The chief marketing officer’s role is undergoing a massive shift that matches the shift we’re seeing to a mobile and social online world. The Internet, social media and the turmoil of the publishing industry have radically altered how we connect with customers and prospects.

Now, thanks to Facebook and Twitter, your brand is shaped by what customers say about you and by how you respond to that public conversation.

As marketers, it’s our job to chart the path for brand awareness and relevance in this new landscape. To make that happen in today’s social, mobile and real-time world — which we at Salesforce.com call Cloud 2 — CMOs need to be adaptable. They need to be willing to try new strategies, enlist new talent and hear others’ perspectives. The most effective way to achieve those goals is by using enterprise social networks internally.

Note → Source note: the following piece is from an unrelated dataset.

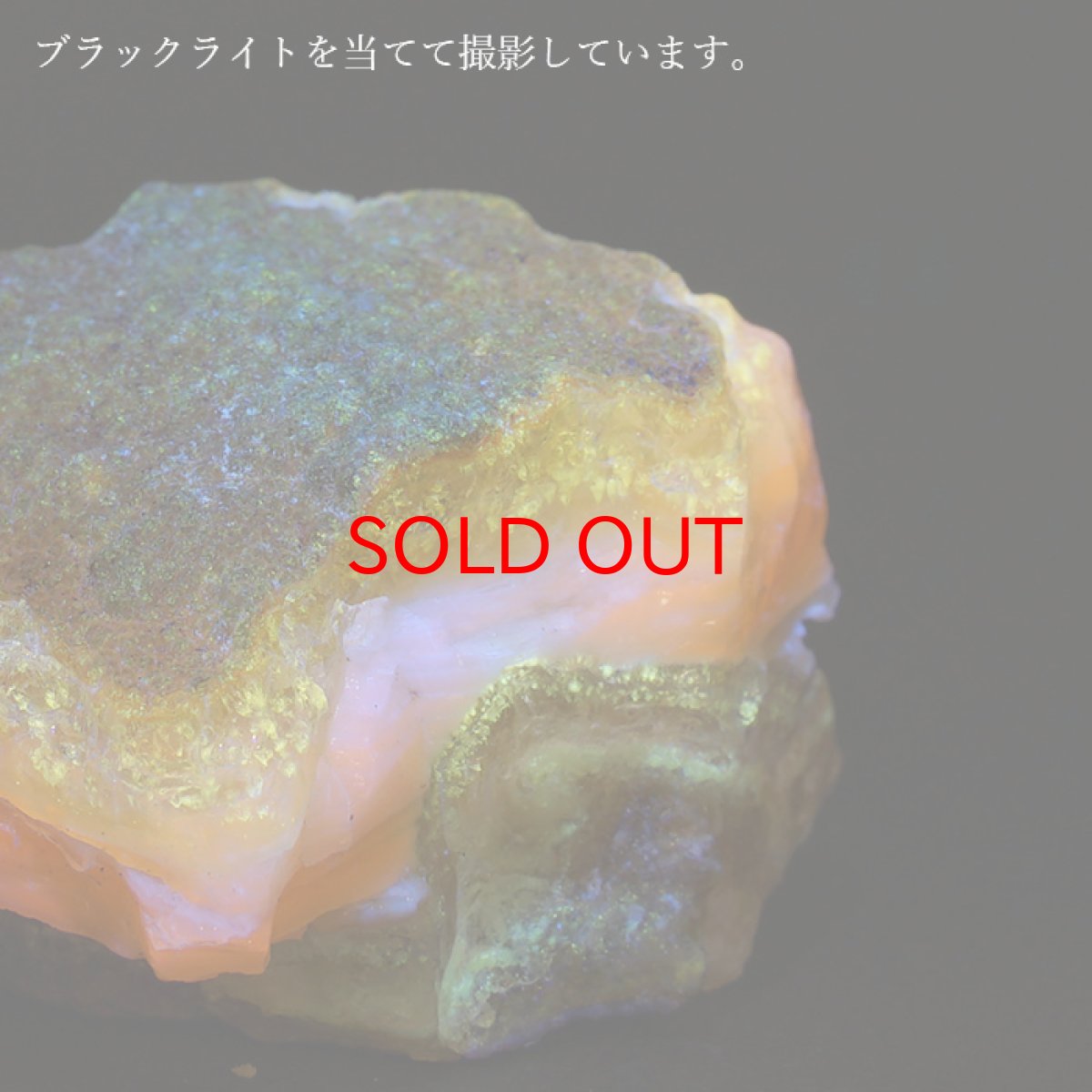 画像4: 北海道蛍光オパール 原石 約39.5g 北海道産 一点もの 天然石 パワーストーン カラーストーン (4)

Take Saatchi & Saatchi, a creative advertising agency that wanted a central workspace where creative professionals throughout its seven offices could swap ideas and best practices, streamline project management, and see what others were working on.

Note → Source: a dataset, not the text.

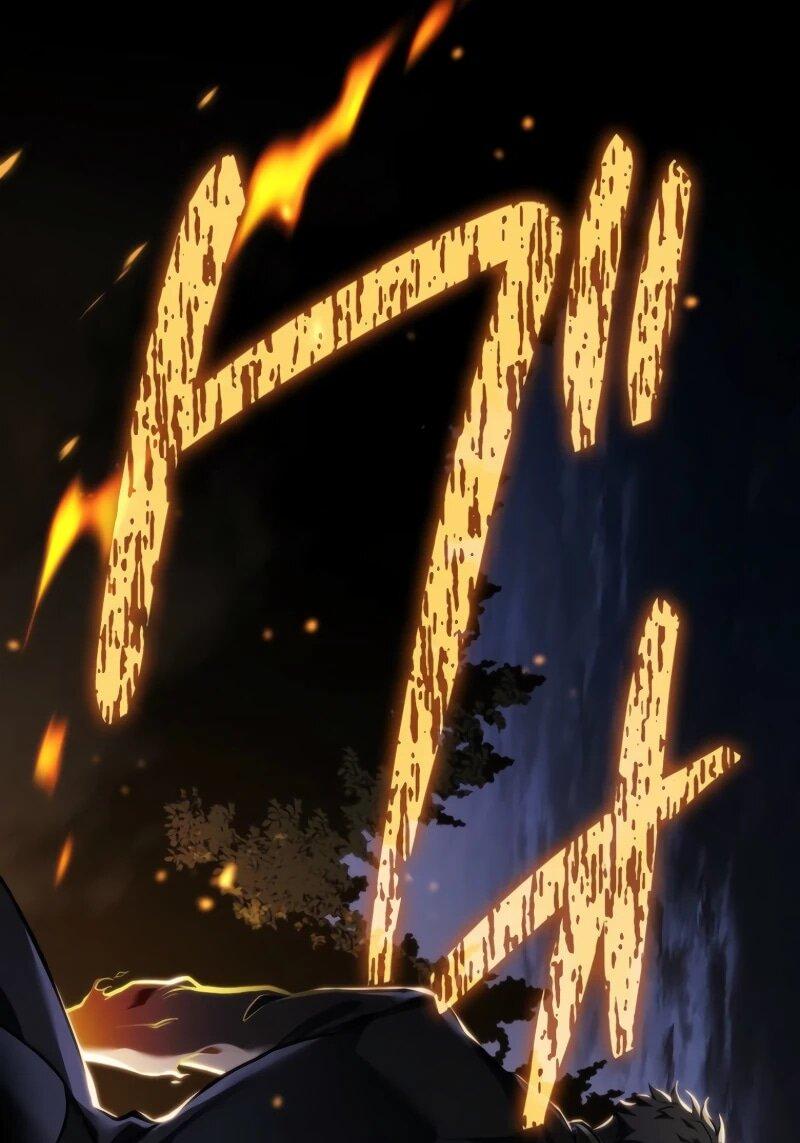 Манга Реинкарнация стримера - Глава 14 Страница 15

By applying social applications within their organization, Saatchi & Saatchi has been able to crowd-source campaigns and materials, create workflows, and share tactics and successes they might not otherwise have known about. They have found new ideas and creativity in unexpected places, which enables the agency to reuse campaigns, materials and strategies across markets.

Collaboration through social networks for the enterprise enable companies to act with far greater speed and flexibility. I employ this within our own marketing department, and it lets me follow lead conversion with our sales organization. That means I can follow big deals and collaborate directly with a sales representative. I also can follow campaign results, see what works and doesn’t and confer across my team. My team and I can easily create new and update existing marketing materials that everyone can share and see as a single source. 

We share a wide variety of ideas, tactics, documents and customer stories. Best of all, others across my company can chime in with their own contributions. It’s true organizational intelligence and true democratization of information, which I use to build better campaigns and promote all of our campaign success throughout the company. 

Clearly, social networking for the enterprise has created a new organizational structure that bridges barriers, jumpstarts creative thinking and gives marketers unfettered access to creativity from unexpected sources. Successful CMOs will be the ones who use that new structure to their own advantage.